Powyższy tekst jest o wiele bardziej wartościowy i treściwy aniżeli opisy znajduje się na wielu stronach internetowych przeróżnych kancelarii, głównie oczywiście kancelarii tzw. "planktonowych". 

P.S. Powyższy tekst dedykuję Wojciechowi S. i Dorocie M. Trzymam za Was kciuki, bo będzie Wam ciężko :)

poniedziałek, 30 lipca 2012

Dlaczego warto korzystać z usług radcy prawnego?

Żartobliwe powiedzenie o tym, że Polska to kraj polityków, trenerów piłkarskich i prawników nie jest pozbawione słuszności, gdy bowiem mamy problem z interpretacją przepisów prawa handlowego lub spadkowego, natychmiast rad w tym zakresie udzielają nam różnej maści doradcy. 


Jeżeli jednak zależy nam na tym, aby rady te okazały się rzeczywiście przydatne, nie powinniśmy ufać osobom pozbawionym stosownego wykształcenia zwłaszcza, że radca prawny Poznań wykonuje swoje obowiązki właśnie po to, aby chronić nas przed błędami, jakie możemy popełnić mylnie interpretując przepisy. Obowiązki poznańskiego radcy prawnego praktycznie nie różnią się niczym od tym, jakie spoczywają na barkach adwokata. Radca prawny z Poznania prowadzi więc kancelarię, udziela porad prawnych klientom indywidualnym i osobom prowadzącym działalność gospodarczą, sporządza umowy i reprezentuje swoich klientów w toku postępowania sądowego. W mieście takim, jak Poznań musi przy tym legitymować się nie tylko solidną wiedzą, ale również dociekliwością nakazującą mu systematycznie uzupełniać swoje wykształcenie.
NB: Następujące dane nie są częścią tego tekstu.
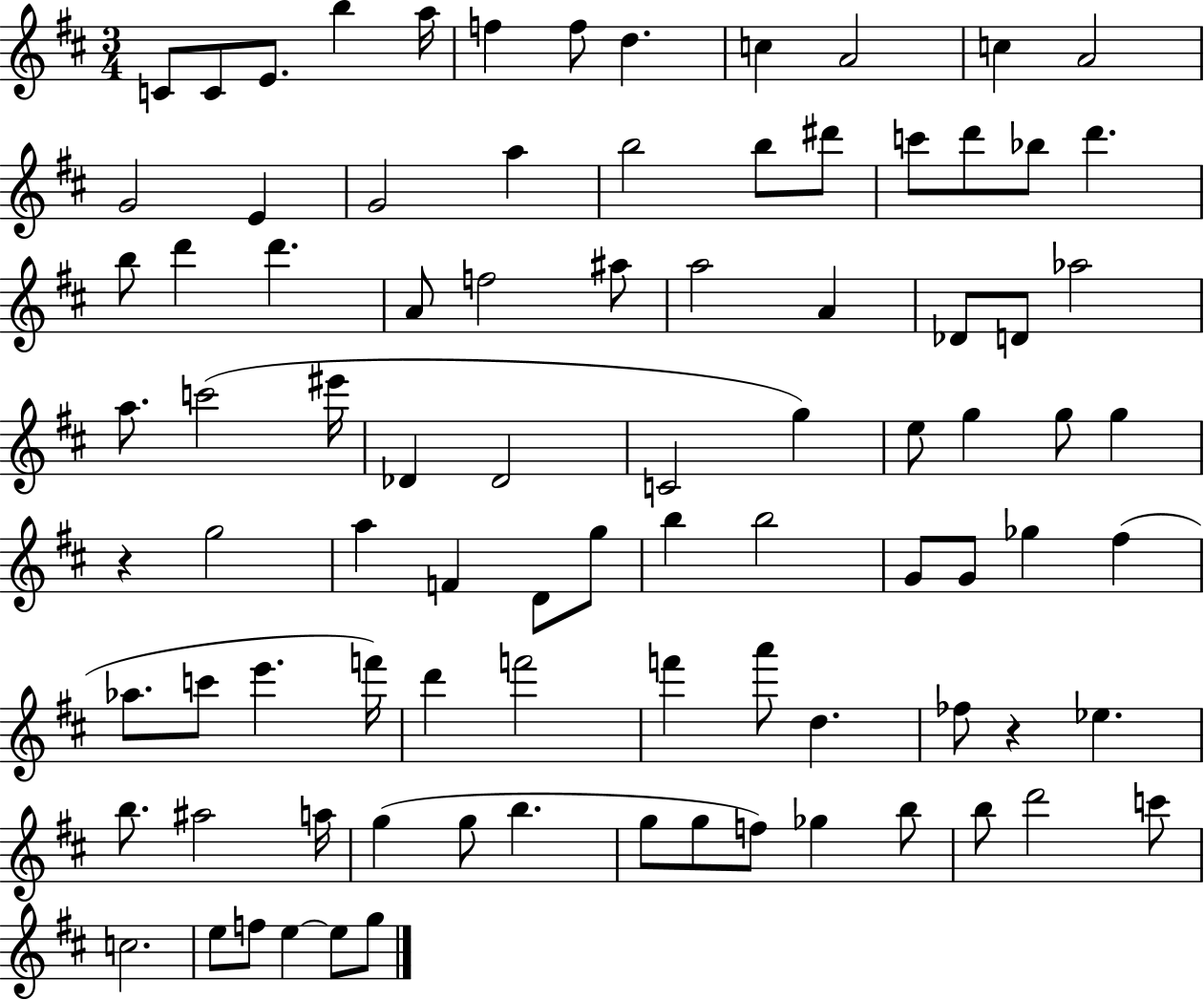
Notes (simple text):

C4/e C4/e E4/e. B5/q A5/s F5/q F5/e D5/q. C5/q A4/h C5/q A4/h G4/h E4/q G4/h A5/q B5/h B5/e D#6/e C6/e D6/e Bb5/e D6/q. B5/e D6/q D6/q. A4/e F5/h A#5/e A5/h A4/q Db4/e D4/e Ab5/h A5/e. C6/h EIS6/s Db4/q Db4/h C4/h G5/q E5/e G5/q G5/e G5/q R/q G5/h A5/q F4/q D4/e G5/e B5/q B5/h G4/e G4/e Gb5/q F#5/q Ab5/e. C6/e E6/q. F6/s D6/q F6/h F6/q A6/e D5/q. FES5/e R/q Eb5/q. B5/e. A#5/h A5/s G5/q G5/e B5/q. G5/e G5/e F5/e Gb5/q B5/e B5/e D6/h C6/e C5/h. E5/e F5/e E5/q E5/e G5/e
Klient, który zwraca się do poznańskiego radcy prawnego z prośbą o poradę może mu więc zaufać.

czwartek, 26 lipca 2012

Co charakteryzuje dobrego prawnika?

Osoby, które znalazły zatrudnienie w kancelarii prawnej nie raz powtarzają, że nie ma spraw tak trudnych, że ich prowadzenie jest z góry skazane na niepowodzenie. 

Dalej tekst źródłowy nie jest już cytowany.